Before long I was away from the city and into the countryside. The brutal hills of the Massif Central were behind me but I was regularly climbing and accumulating impressive height gains (today was a bonkers 1,525m). You may think the following sign is a ‘red letter’ day. I think you’ll find most cycle tourers expect that ‘what goes down goes up’ and so it’s hard to enjoy this brief plummet. Even though I had been on the bike every day I think yesterday’s minimal riding had been restorative.

From terrible average speeds here I was nicely into double figures. Below is a canal path I cycled over. I would eventually have my time on them.

The eating plan is to have one hot meal a day and to eat whilst cycling as well. At night, on the campsite I’m always pressed for time and so maybe a whole baguette, a tomato and a large chunk of cheese might suffice (plus a cake if the boulangerie obliges). A French staple lunch time is ‘Plat Du Jour’. Many bars or restaurants do them. It’s reasonably priced, has little or no choice but is served quickly. The latter service is to accommodate the busy person who wants to be back behind his desk or shovel loader steering wheel. Here are three course and the bill I found at a restaurant:



The damage was reasonable, n’est pas?

Gone were the gorges or mountains but rolling hills. All were given over to cereal production. Now the day and lunch had made things idyllic and a good mileage was being achieved. However I identified Le Creusot as a place to stop over. I got there and there was no camping, a hostel or hotels that I could find. I was looking for smaller places. The reason for the latter lack of open hotels was because today was Bastille Day. It’s a bank holiday and a lot of things are shut. It is France’s National Day and it’s origins go back to storming this Paris fortress/prison in 1789 and was, in effect, the people rising up against the monarchy.

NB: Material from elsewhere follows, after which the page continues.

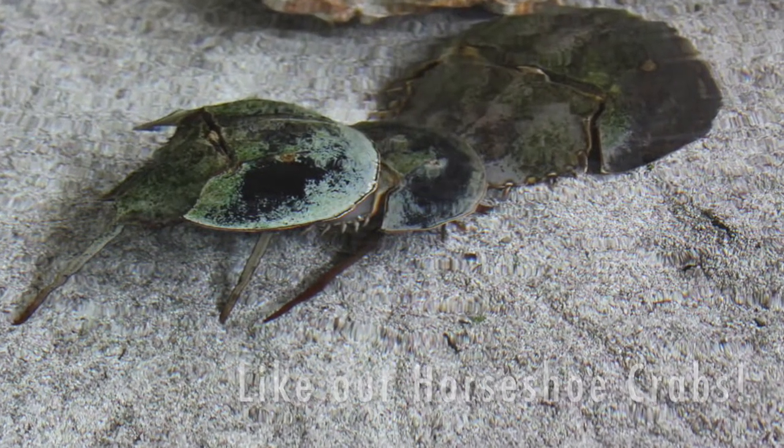Now, crabs are crustaceans, as are lobsters and shrimp — so they are relatives. All of these animals have hard exoskeletons as I mentioned.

So using my Apps I’m all over town trying to find a roof over my head and time is elapsing. I ring Anna and ask her to book an Ibis hotel a further 14 miles south. This meant going backwards, not a happy activity but needs must.
A giant steel press at a roundabout. Love it.

Just before getting to the hotel I found some food. After this distance and being late I could have eaten a horse. Actually I have seen this meat on the menu. However, not at McDonalds.

Checking in to the Ibis was a trial. It had been paid for on line, by my bride, but they made me pay again. I had further meetings with other staff who spoke English, but I expect I’ll have to resolve something between Ibis, Amex and Booking.com when I get home.